It's a sad, anxious world when a hard-working dad has no choice but to sleep in his car and eat at a soup kitchen. Such is the fate of 40-year-old Giulio (Valerio Mastandrea), whose act of infidelity (sex with a colleague in the archives room of the Rome city office where he works) causes a deep, irreparable rupture in his marriage with Elena (Barbora Bobulova). The couple agree to stay together for the sake of their children — wannabe rock chick Camilla (Rosabell Laurenti Sellers) and her innocent younger brother Luca (Lupo De Matteo). But one day Elena claims she can no longer bear Giulio's presence and he leaves, telling her everything will be OK and that he'll take care of money matters.

This is the world of "Balancing Act" (released originally as "Gli Equilibristi"): brilliant in its honesty and depiction of life in Rome, a view we could never glean from, say, Woody Allen's "To Rome With Love."

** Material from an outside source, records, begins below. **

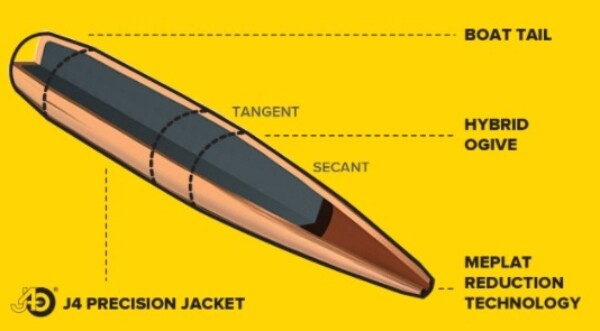 Berger .338 300 gr Hybrid OTM Tactical
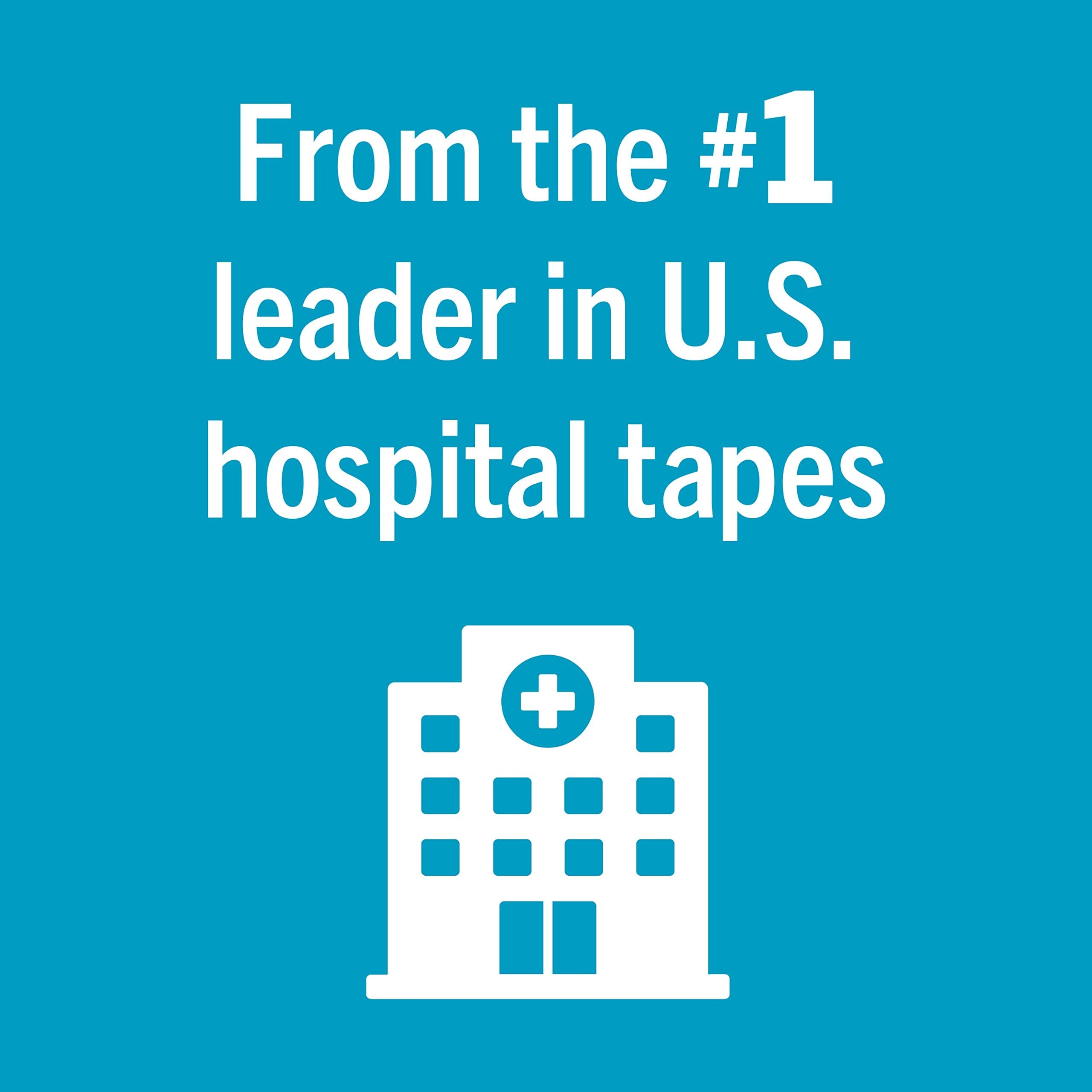 Nexcare Absolute Waterproof Tape - Flexible Foam Medical

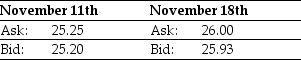 Use the table for the question(s) below. Consider the following two quotes for XYZ stock:   What are your net proceeds if you purchased 2500 shares of XYZ stock on November 11th and then sold them a week later on November 18th?<div style=padding-top: 35px> 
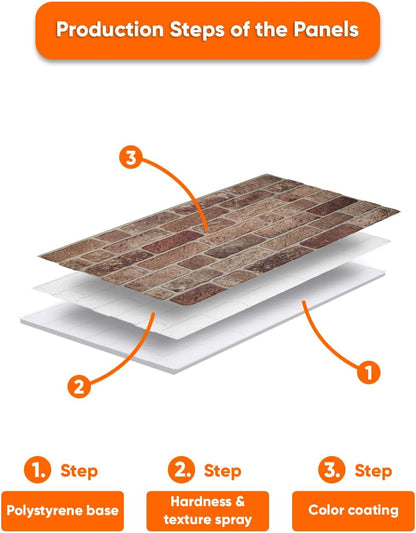 IZODEKOR 3D Wall Panels Brick Effect - Cladding, Stone Look, Styrofoam Facing for Living Room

There are no glamorous clubs, upscale restaurants or bright-red Ferraris parked up on the curb. This is a Rome where a city social worker such as Giulio gets a monthly salary of ?1400 with which he needs to maintain a separate apartment and pay for Luca's dental work. But rents are high, the economy is sinking into the mud and as for the cost of living, every Roman complains it's skyrocketed over the past few years.